Exercise inputs section start
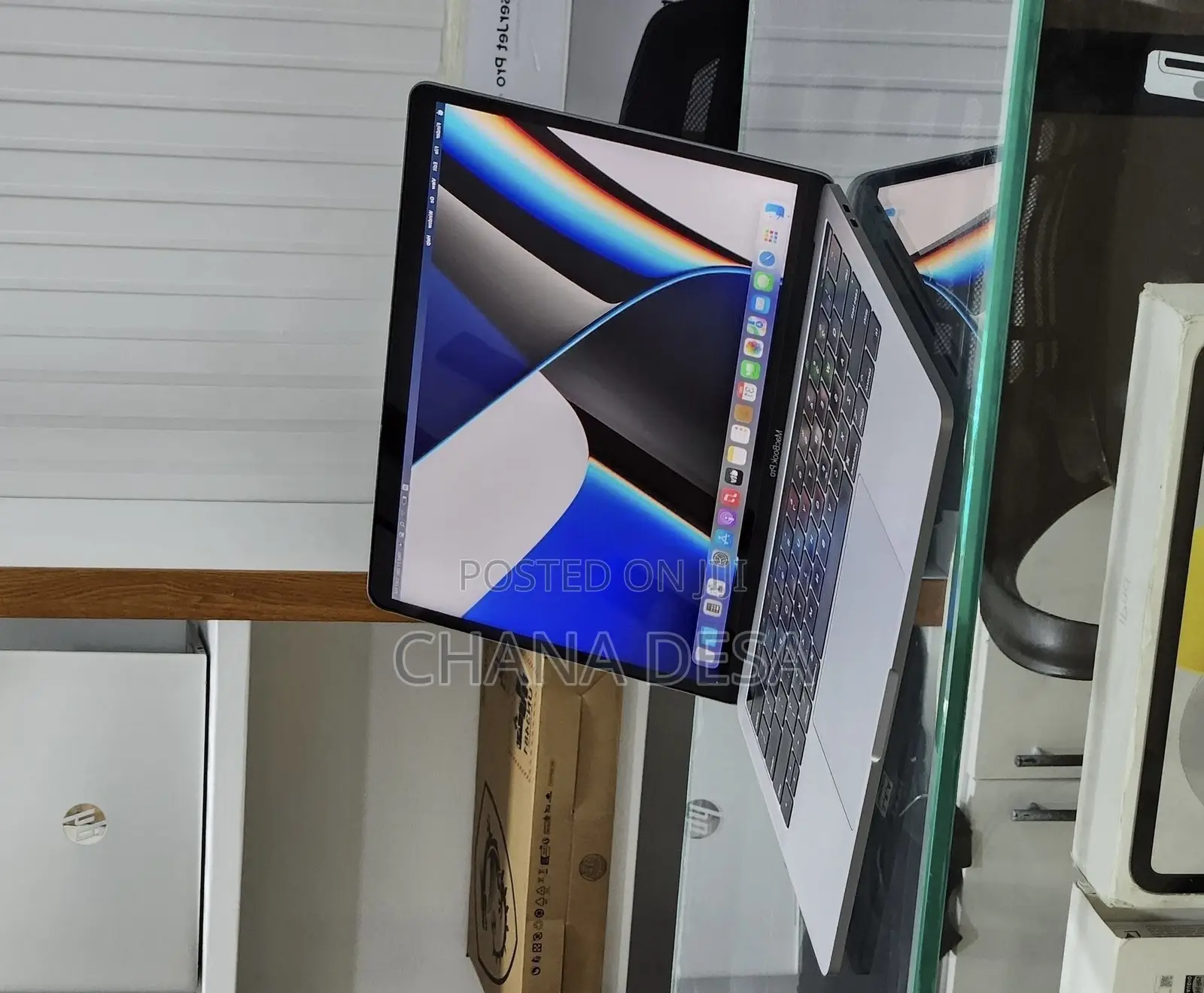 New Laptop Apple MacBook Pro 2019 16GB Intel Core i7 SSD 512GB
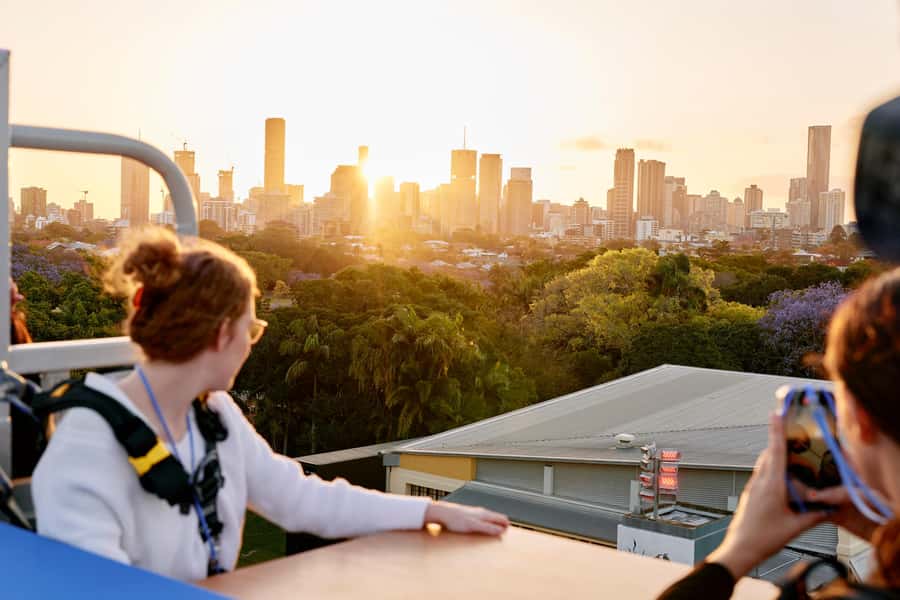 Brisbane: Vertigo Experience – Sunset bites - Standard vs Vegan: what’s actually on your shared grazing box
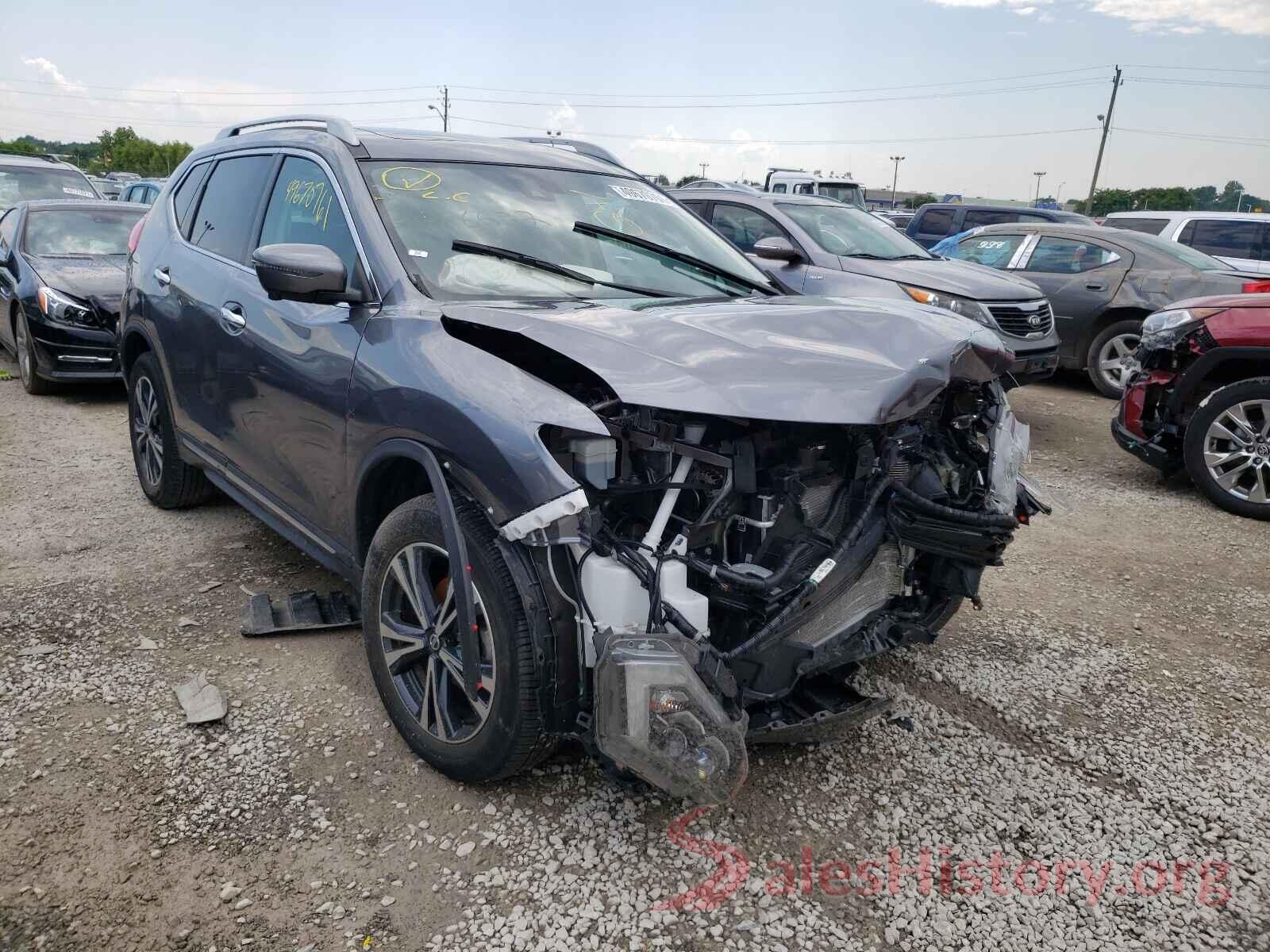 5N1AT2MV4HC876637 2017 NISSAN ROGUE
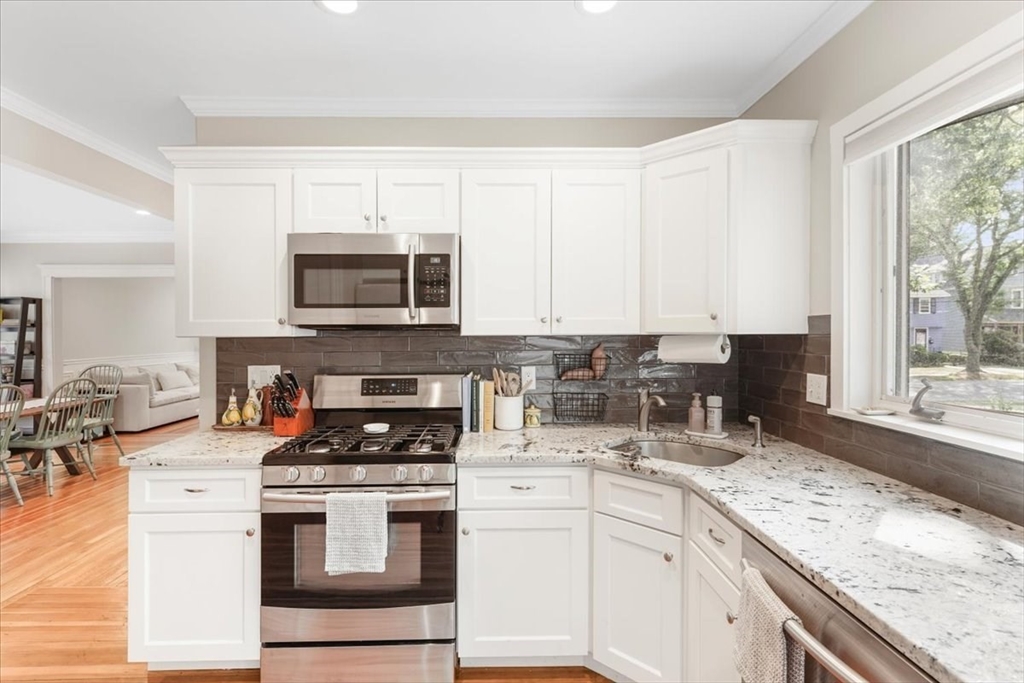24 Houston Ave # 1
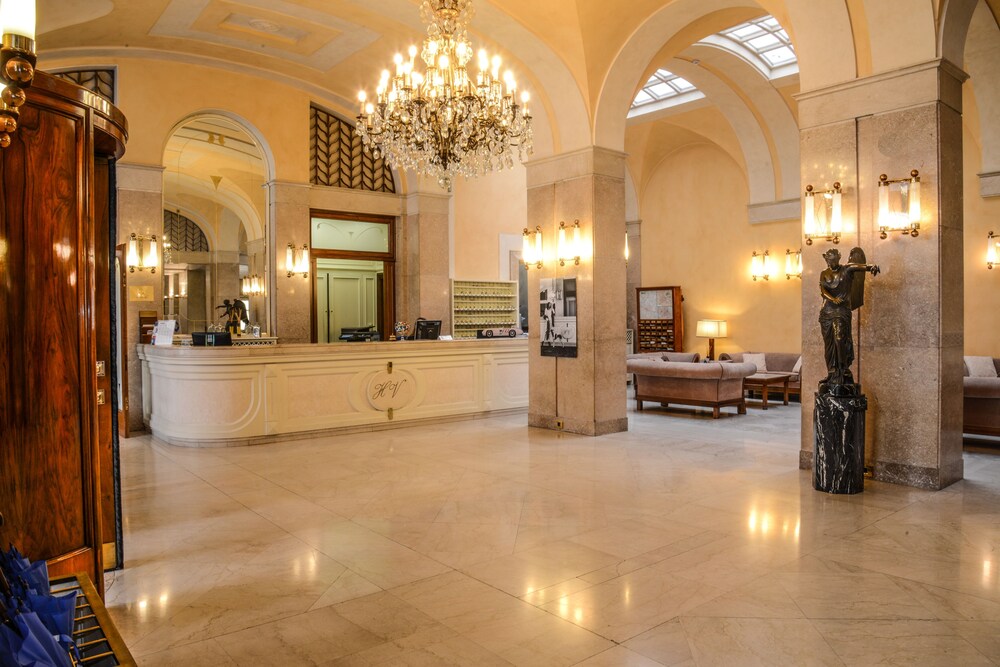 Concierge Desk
Exercise inputs section end
Excluding pictures, print all lines above exactly.

• Task solution
 New Laptop Apple MacBook Pro 2019 16GB Intel Core i7 SSD 512GB
 Brisbane: Vertigo Experience – Sunset bites - Standard vs Vegan: what’s actually on your shared grazing box
 5N1AT2MV4HC876637 2017 NISSAN ROGUE
24 Houston Ave # 1
 Concierge Desk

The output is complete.